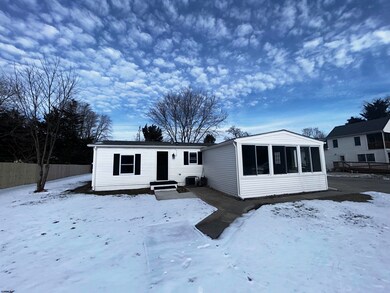 48 Leeds Point Rd, Galloway, NJ 08205 - photo 4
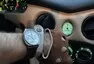 Get out&drive!
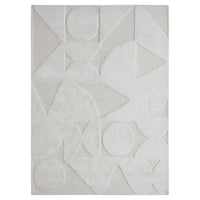 Mosaico Indoor Rug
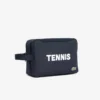 Trousse de toilette Neocroc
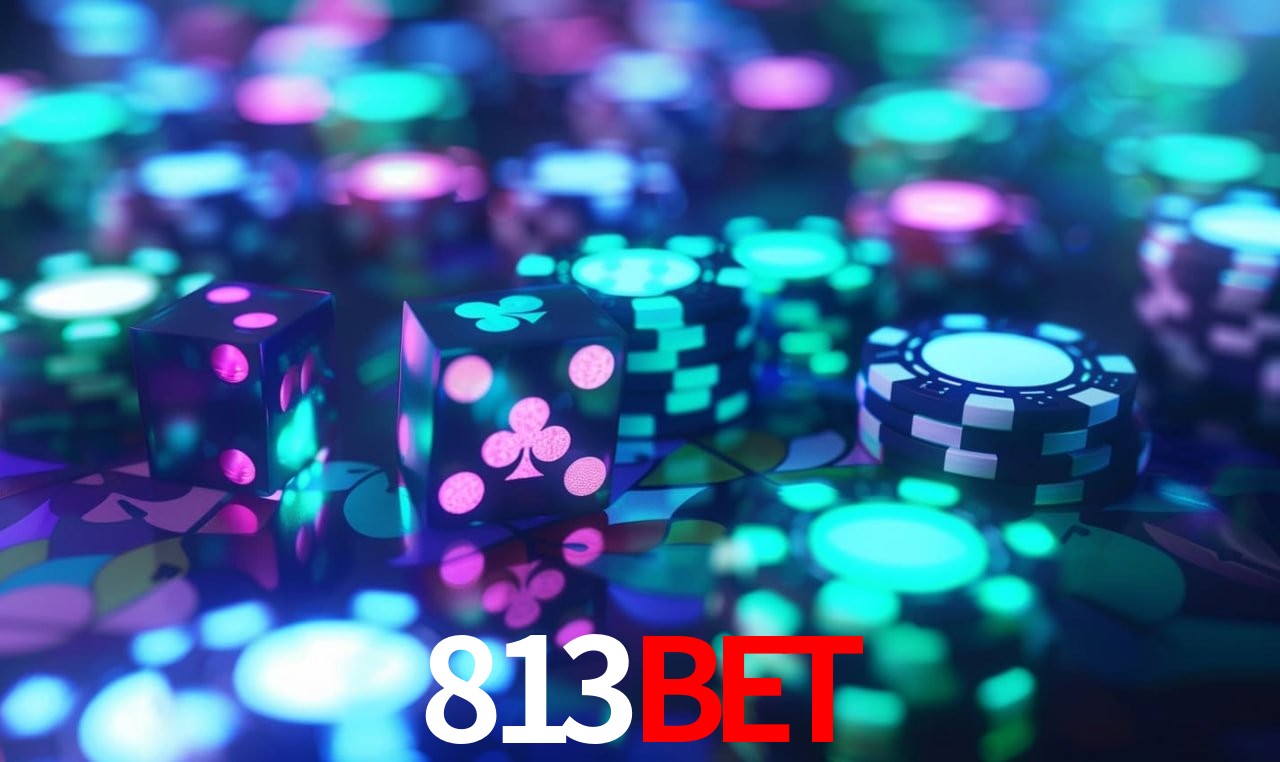 Jogos Exclusivos 813bet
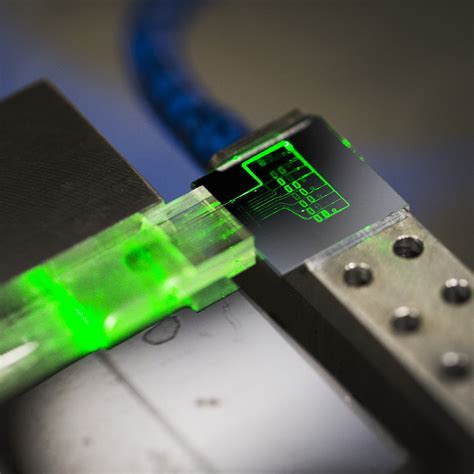 Image result for Fiber Array Photonics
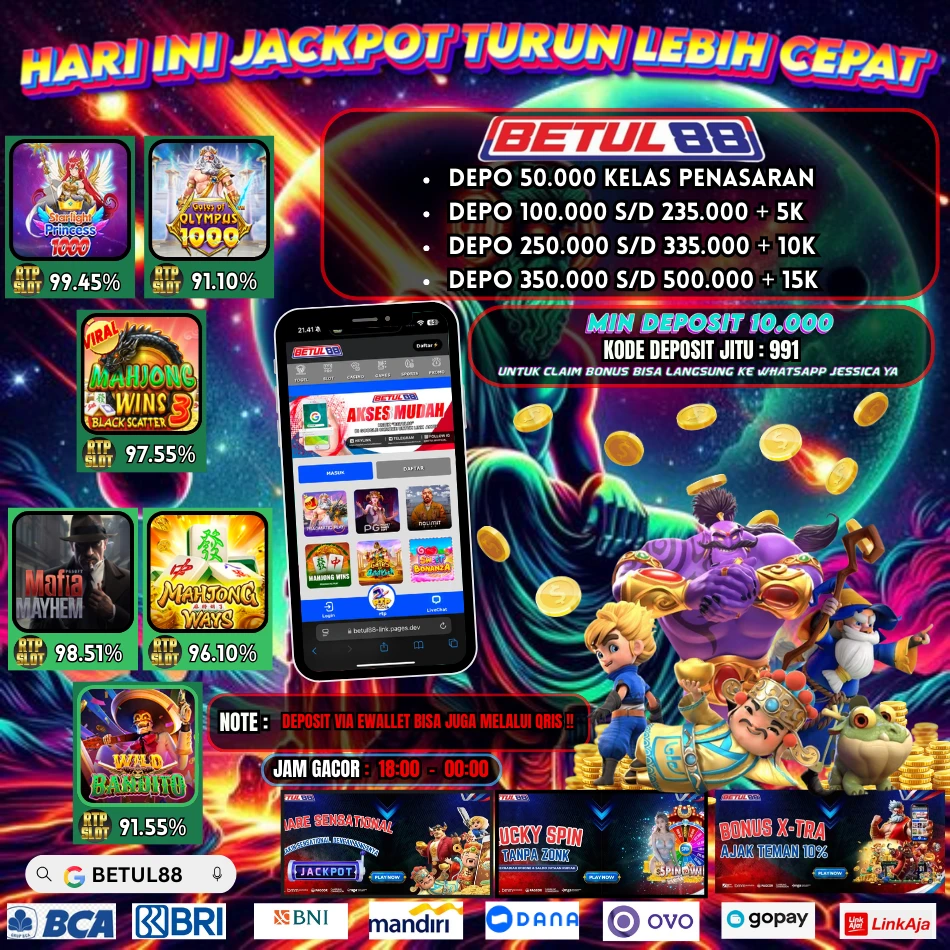 games on fire 10.04.25 malam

__Problem requirements__. The response must restate exactly the lines from the one containing "Mosaico Indoor Rug" through the end of the records above and must leave out all pictures.

__Response for this exercise__.
 Mosaico Indoor Rug
 Trousse de toilette Neocroc
 Jogos Exclusivos 813bet
 Image result for Fiber Array Photonics
 games on fire 10.04.25 malam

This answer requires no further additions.